Baur's first significant essay in New Testament criticism was the
article on " The Christ Party at Corinth." Here he suggested, and most
ingeniously unfolded, the idea that this " Christ party " was identical
with the party of Cephas. It was composed of all who set themselves
against Paul's Gospel and Apostleship. These people called themselves
"disciples of Cephas," because Peter held the chief place among the
Jewish Apostles, and " disciples of Christ," because they regarded
immediate association with Christ as the prime condition of genuine
Apostolic rank. The party revered all the Apostles who had enjoyed
personal intercourse with Jesus, more especially those who stood in the
nearer relation of kindred to him, the " Lord's brethren," but
peculiarly Peter, to whom Jesus had shown a preference above the rest.
Paul was rejected, as an outsider, who came into the brotherhood late,
and by a private door. This opposition between Peter and Paul, as
representing the Jewish and the Gentile tendencies in the primitive
Church, is the key to all Baur's later and more extended discoveries.

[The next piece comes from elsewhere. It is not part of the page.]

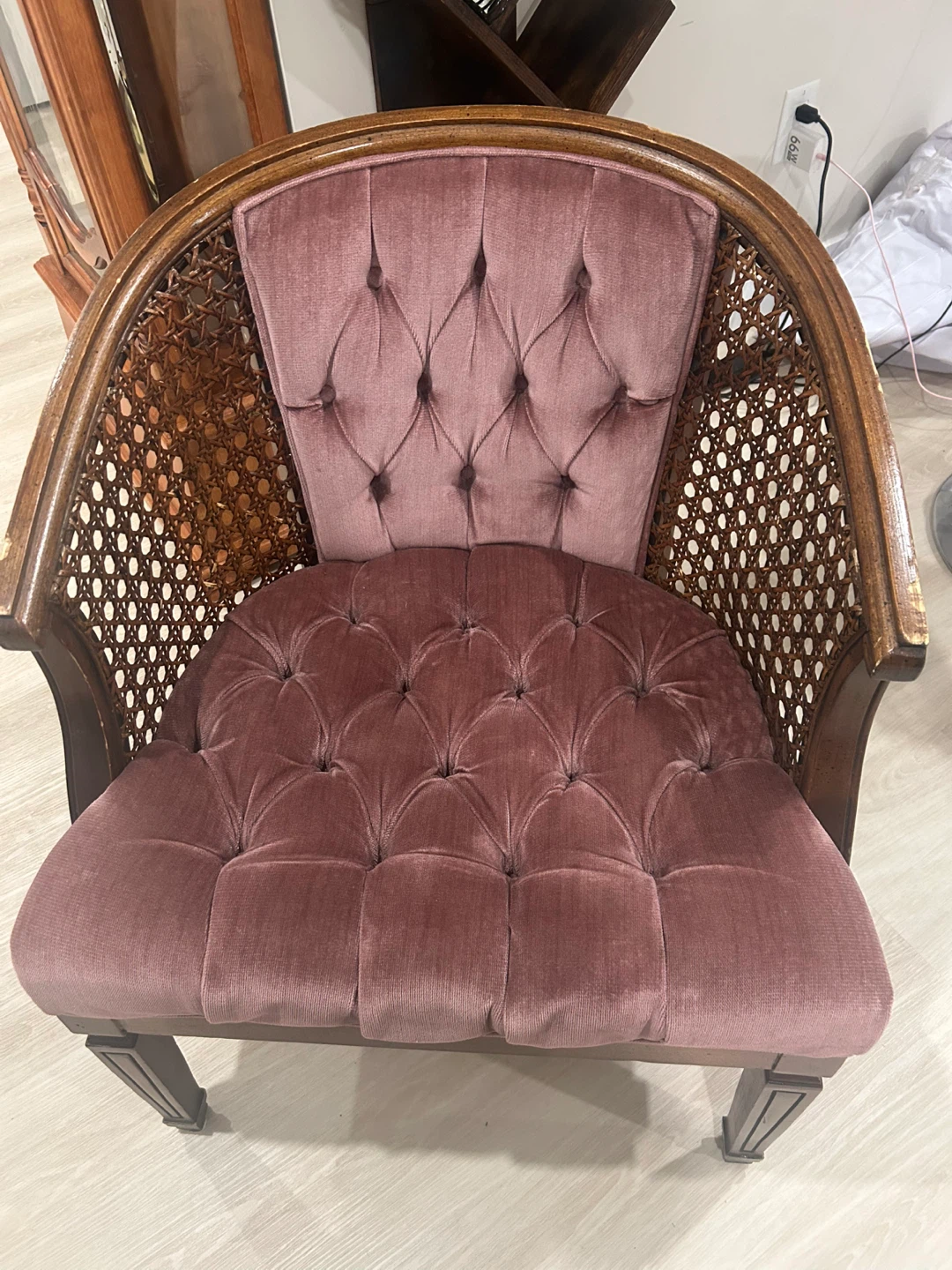 1960’s Vintage Cane Barrel Chair - Velvet Upholstery - photo 2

This is his clew to the whole history of the Apostolic age, and the two
generations succeeding it: the root of bitterness from which the whole
Christian literature of a century sprung. Four years after the
publication of this essay, the significance of which was not at the time
suspected, appeared another from the same hand," on " The so-called
Pastoral Letters of the Apostle Paul." In this a much bolder position
was taken ; the believing public was startled by the announcement that
these Epistles were written with polemical intent against the Gnostics
of the school of Marcion, which flourished about the middle of the
second century ; that, moreover, they are devoted to the ecclesiastical
or hierarchical interest in the Church, which was gaining ground at that
period, and which the Gnostics vehemently resisted ; that they could
not, therefore, be received as productions of the Apostolic age, and, of
course, could not have been written by Paul, who lived half a century
earlier, and who, if he had written, would probably have advocated the
opposite side in the existing controversies. The dissertation on the "
Pastoral Letters " was followed the next year by an article in the
Tiibinger Zeitschrift on the design and motive of the Epistle to the
Romans, in which the posture of Judaism and Gentilism towards each other
was more sharply denned, and the broad, practical significance of Paul's
mission was powerfully presented to the consideration of those who have
been in the habit of reading the letter to the Romans as a calm,
theological treatise, containing a formal and systematic exposition of
the Apostle's Christian belief. We do not hesitate to say that the
perusal of this paper, which was afterwards incorporated in the " Paulus,"
gave us an altogether fresh conception of Paul's purpose in writing as
he did; taught us to see that the missive came from the Apostle's heart,
and not from his head, — that its intent was not speculative, but
vital,— that what we had read as metaphysics was not meant as
metaphysics, but as close argument urged in the interest of very deep
practical truths, — and that the chapters which theologians have taken
up as the pith of the whole composition, and have pored over, commented
upon, wrestled with, as containing the hidden mysteries of faith, are
after all of subordinate moment, and have no value save as they bear up
the great, crowning proposition, that Christianity is not a mere
supplement to Judaism, but a spiritual, world-embracing religion.
The leaning of Baur's criticism was by this time apparent to all
discerning minds, although his conclusions hitherto had not menaced
directly the strong-holds of Scriptural belief. For a time his critical
labors seemed to be suspended, and the production of such colossal works
as the History of the Atonement, and of the Trinity, might well afford
grounds for surmising that they had altogether ceased. But the forces
were gathering for a fresh demonstration, which was soon made against
the citadel itself, — that citadel before which even Strauss had paused.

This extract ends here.